Seeds contain a variety of proteins that function primarily to provide storage reserves or defense functions against pests and pathogens. Maize ribosome-inactivating protein 1 (RIP 1) is an abundant seed protein with a putative role in plant defense. RIP 1 readily inactivates ribosomes from non-plant eukaryotes but has little activity against ribosomes from plant species. RIP 1 was tested for antifungal activity in a microculture assay. Conidia were treated with RIP1 or control proteins and monitored for abnormal growth or morphology over time. Fungi from the genera Aspergillus exhibited a strong response to RIP1. Aspergillus flavus, a maize pathogen which produces aflatoxin B1, had an increase in hyphal branching after RIP1 protein treatment that was not observed in control protein treatments.
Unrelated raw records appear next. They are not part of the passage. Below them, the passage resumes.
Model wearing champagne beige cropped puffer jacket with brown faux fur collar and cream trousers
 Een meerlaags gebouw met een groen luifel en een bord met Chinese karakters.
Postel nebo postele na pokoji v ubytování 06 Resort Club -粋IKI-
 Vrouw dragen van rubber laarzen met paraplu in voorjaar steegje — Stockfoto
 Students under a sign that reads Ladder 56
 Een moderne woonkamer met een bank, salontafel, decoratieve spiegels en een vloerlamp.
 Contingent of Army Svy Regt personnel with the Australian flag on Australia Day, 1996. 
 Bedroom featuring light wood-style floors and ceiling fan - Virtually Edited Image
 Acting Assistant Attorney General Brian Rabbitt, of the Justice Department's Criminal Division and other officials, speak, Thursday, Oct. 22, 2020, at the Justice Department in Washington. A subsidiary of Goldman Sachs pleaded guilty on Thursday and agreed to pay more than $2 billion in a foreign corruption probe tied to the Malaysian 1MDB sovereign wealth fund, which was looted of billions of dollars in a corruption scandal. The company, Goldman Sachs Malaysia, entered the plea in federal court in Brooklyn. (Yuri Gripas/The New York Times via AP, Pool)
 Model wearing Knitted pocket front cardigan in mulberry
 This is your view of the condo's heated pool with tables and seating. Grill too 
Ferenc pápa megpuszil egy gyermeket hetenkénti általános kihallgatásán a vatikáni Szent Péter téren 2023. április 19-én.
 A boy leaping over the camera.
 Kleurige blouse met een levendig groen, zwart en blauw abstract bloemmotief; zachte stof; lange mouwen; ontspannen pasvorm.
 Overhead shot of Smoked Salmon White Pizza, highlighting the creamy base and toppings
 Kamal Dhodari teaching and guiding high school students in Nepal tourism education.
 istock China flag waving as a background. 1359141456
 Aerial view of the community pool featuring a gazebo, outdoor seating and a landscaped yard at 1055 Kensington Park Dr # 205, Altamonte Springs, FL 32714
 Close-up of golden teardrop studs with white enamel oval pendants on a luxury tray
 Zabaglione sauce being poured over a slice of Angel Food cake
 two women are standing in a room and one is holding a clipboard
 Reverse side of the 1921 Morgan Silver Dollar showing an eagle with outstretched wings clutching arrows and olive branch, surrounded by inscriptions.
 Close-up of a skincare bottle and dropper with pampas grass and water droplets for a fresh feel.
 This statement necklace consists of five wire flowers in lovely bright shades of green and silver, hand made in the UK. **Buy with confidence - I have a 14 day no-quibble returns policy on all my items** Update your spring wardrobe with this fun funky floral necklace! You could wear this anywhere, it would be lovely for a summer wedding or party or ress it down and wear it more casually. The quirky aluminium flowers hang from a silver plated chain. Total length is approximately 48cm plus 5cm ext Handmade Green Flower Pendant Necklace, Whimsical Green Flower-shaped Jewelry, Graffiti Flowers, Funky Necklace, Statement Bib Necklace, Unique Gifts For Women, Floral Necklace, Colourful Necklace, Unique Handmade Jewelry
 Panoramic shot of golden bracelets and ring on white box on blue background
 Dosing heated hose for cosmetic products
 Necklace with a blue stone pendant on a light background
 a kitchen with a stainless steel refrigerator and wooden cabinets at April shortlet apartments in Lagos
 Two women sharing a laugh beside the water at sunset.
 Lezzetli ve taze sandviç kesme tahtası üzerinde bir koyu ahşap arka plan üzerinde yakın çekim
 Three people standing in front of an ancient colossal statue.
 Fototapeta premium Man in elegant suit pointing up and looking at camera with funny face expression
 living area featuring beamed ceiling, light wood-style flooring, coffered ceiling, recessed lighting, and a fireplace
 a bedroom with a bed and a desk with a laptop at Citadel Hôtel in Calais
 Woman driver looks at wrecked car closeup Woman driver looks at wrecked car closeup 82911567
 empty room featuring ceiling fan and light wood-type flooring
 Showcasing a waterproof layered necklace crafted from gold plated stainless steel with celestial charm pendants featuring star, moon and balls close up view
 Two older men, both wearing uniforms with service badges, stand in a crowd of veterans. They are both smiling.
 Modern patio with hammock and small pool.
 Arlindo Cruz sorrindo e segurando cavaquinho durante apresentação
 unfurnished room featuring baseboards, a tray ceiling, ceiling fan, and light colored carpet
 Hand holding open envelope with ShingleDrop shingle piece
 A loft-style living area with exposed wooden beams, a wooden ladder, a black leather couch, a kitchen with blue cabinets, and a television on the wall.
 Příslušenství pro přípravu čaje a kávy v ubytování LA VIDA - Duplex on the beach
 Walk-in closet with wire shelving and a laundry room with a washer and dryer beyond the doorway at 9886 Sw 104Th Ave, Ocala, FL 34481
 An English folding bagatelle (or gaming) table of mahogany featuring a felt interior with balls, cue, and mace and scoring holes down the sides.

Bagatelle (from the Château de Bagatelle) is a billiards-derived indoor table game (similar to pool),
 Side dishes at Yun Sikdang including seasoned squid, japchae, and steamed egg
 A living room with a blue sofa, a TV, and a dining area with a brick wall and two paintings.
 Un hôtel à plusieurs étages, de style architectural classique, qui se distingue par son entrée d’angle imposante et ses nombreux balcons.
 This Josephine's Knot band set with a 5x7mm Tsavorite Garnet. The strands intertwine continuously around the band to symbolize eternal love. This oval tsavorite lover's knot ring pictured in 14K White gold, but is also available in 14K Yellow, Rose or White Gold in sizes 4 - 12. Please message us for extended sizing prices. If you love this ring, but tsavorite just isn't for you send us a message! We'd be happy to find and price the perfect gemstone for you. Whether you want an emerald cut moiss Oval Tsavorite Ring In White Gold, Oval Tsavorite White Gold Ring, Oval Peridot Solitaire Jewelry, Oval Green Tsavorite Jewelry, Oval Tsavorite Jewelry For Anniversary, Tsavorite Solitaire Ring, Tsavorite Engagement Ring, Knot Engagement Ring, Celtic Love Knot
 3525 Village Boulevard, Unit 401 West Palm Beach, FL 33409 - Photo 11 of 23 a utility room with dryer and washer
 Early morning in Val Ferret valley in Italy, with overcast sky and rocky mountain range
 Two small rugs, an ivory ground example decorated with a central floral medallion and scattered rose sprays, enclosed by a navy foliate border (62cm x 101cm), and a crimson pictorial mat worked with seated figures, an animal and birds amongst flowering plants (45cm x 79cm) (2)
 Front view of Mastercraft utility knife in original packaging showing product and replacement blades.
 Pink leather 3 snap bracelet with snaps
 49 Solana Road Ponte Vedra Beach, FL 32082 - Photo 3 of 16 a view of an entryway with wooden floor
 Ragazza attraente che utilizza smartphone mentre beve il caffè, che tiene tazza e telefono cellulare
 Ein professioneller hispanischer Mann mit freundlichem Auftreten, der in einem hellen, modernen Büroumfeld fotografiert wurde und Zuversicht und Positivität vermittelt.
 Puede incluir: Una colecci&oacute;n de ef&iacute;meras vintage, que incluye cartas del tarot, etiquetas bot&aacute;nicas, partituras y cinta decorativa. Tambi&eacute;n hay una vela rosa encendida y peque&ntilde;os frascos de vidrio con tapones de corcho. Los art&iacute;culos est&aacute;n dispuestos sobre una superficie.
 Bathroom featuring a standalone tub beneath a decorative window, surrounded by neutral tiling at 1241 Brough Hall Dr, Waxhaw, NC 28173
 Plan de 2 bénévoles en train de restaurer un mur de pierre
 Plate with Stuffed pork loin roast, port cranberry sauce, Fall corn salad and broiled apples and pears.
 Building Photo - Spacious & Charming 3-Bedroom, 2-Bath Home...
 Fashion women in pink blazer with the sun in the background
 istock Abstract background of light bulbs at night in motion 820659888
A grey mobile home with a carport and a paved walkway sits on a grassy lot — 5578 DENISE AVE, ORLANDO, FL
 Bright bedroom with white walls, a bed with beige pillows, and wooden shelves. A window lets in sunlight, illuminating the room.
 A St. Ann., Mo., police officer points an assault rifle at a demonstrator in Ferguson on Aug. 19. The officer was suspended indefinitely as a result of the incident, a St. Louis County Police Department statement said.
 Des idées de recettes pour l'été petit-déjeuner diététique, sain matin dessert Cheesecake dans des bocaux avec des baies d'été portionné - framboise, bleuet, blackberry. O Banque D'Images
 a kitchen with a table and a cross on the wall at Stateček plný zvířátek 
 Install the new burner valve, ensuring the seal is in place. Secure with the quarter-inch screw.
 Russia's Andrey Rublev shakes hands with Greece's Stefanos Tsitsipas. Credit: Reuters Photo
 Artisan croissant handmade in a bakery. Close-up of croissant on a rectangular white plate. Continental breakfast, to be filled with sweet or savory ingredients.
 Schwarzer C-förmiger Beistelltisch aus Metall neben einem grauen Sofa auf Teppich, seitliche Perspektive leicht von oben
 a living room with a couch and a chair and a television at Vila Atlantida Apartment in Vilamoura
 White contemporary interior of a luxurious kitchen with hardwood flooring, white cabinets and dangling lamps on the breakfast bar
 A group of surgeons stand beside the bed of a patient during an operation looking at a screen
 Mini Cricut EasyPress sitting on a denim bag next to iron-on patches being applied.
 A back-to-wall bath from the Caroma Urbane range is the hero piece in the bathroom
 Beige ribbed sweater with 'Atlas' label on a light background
Quantitative analysis confirmed that the branching phenotype was significant. The chitin binding dye Congo red was used to show that branched hyphae treated with RIPl had only one actively growing hyphal tip whereas the few control hyphae with branching had multiple growing hypal tips. The genetically well characterized but non-pathogenic species Aspergillus nidulans was also tested in the microculture assay. A striking decrease in the number and growth of hyphae was observed when A. nidulans conidia were treated with RIP1 protein. The changes in growth of A. flavus and A. nidulans are consistent with maize RIP1 having antifungal activity.
Fungal Genet. Newsl. 46 (Supl):
Full conference title:
Fungal Genetics Conference 20th
- Fungal Genetics Conference 20th (1999)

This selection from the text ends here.